Step 1

We are given the following data:

The value of angle is $\theta = 20^\circ $.

We are asked to determine the distance $\bar y$ to the centroid of the area and then calculate the moments of inertia ${I_{\rm{u}}}$ and ${I_{\rm{v}}}$ of the channel’s cross-sectional area.

 
Step 2

We can divide the total beam’s cross-sectional area into three rectangles that are marked with symbol 1, 2 and 3.

We will draw the free-body diagram of the beam.

Here, $\left( {{{\bar x}_1},{{\bar y}_1}} \right)$ represent the centroid of first rectangle, $\left( {{{\bar x}_2},{{\bar y}_2}} \right)$ represent the centroid of second rectangle, $\left( {{{\bar x}_3},{{\bar y}_3}} \right)$ represent the centroid of the third rectangle, ${b_1}$ and ${h_1}$ represent the width and height of first rectangle, ${b_2}$ and ${h_2}$ represent the width and height of the second rectangle and ${b_3}$ and ${h_3}$ represent the width and height of the third rectangle respectively.

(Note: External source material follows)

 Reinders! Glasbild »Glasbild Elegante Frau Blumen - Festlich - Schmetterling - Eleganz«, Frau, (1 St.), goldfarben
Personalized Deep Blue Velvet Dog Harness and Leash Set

The formula to calculate the centroid of the first rectangle is given by,

\[\left( {{{\bar x}_1},{{\bar y}_1}} \right) = \left[ { - \left( {{x_1} - \frac{{{b_1}}}{2}} \right),\left( {{h_3} + \frac{{{h_1}}}{2}} \right)} \right]\]

Substitute all the known values in the above formula.

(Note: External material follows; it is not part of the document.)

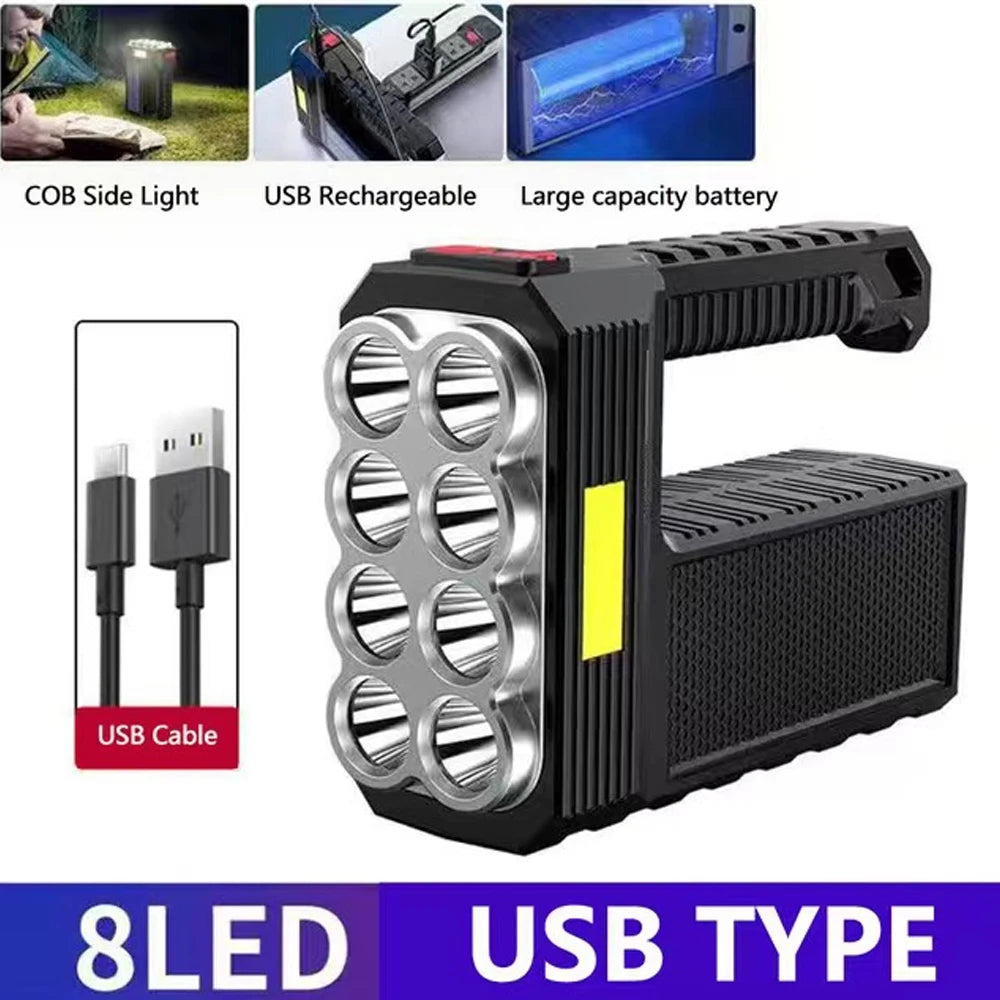 8LED and 6LED Bulbs Solar Charging Handheld Flashlight USB Charge Portable Lamp 4 Bright Lighting Modes Outdoor Searchlight - Cashdust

\[\begin{array}{c} \left( {{{\bar x}_1},{{\bar y}_1}} \right) = \left[ { - \left( {150 - \frac{{10}}{2}} \right)\;{\rm{mm}}\;{\rm{,}}\;\left( {10 + \frac{{50}}{2}} \right)\;{\rm{mm}}} \right]\\ = \left[ { - 145\;{\rm{,}}\;{\rm{35}}} \right]\;{\rm{mm}} \end{array}\]
 
Step 3

The formula to calculate the centroid of the second rectangle is given by,

\[\left( {{{\bar x}_2},{{\bar y}_2}} \right) = \left[ {\left( {{x_2} - \frac{{{b_2}}}{2}} \right),\left( {{h_3} + \frac{{{h_2}}}{2}} \right)} \right]\]

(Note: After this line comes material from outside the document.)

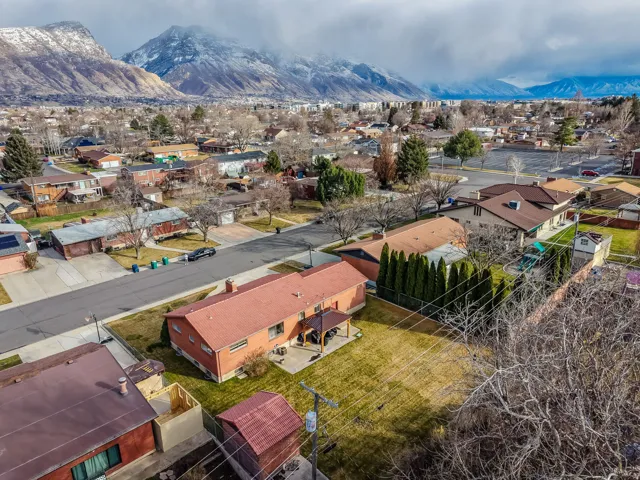 Aerial perspective of suburban area with mountains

Substitute all the known values in the above formula.

\[\begin{array}{c} \left( {{{\bar x}_2},{{\bar y}_2}} \right) = \left[ {\left( {150 - \frac{{10}}{2}} \right)\;{\rm{mm}}\;{\rm{,}}\;\left( {10 + \frac{{50}}{2}} \right)\;{\rm{mm}}} \right]\\ = \left[ {145\;{\rm{,}}\;{\rm{35}}} \right]\;{\rm{mm}} \end{array}\]
 
Step 4

The formula to calculate the centroid of the third rectangle is given by,

\[\left( {{{\bar x}_3},{{\bar y}_3}} \right) = \left[ {0,\frac{{{h_3}}}{2}} \right]\]

Substitute all the known values in the above formula.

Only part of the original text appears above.